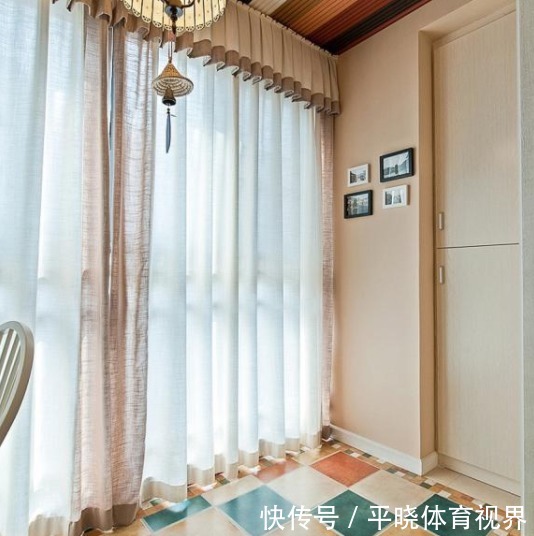 吊顶|机智媳妇不做吊顶，放弃背景墙，玄关阳台一点也不浪费，太漂亮了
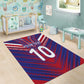 Custom Haiti National Football Area Rug Dashiki Sporty Style - African Pride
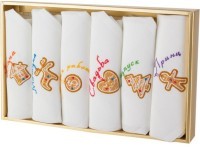 Комплект салфеток 42*42см-6шт., &quot;пряничное гадание&quot;, п/э100%, белый (850-519)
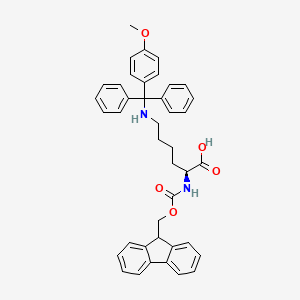 Chemical structure of Fmoc-Lys(4-methoxytrityl)-OH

• _Problem details_:
Lines from the one that contains "Custom Haiti National" through the last line of the data above are to be extracted exactly, with no pictures and no other lines.

• _Task output_:
 Custom Haiti National Football Area Rug Dashiki Sporty Style - African Pride
 Комплект салфеток 42*42см-6шт., &quot;пряничное гадание&quot;, п/э100%, белый (850-519)
 Chemical structure of Fmoc-Lys(4-methoxytrityl)-OH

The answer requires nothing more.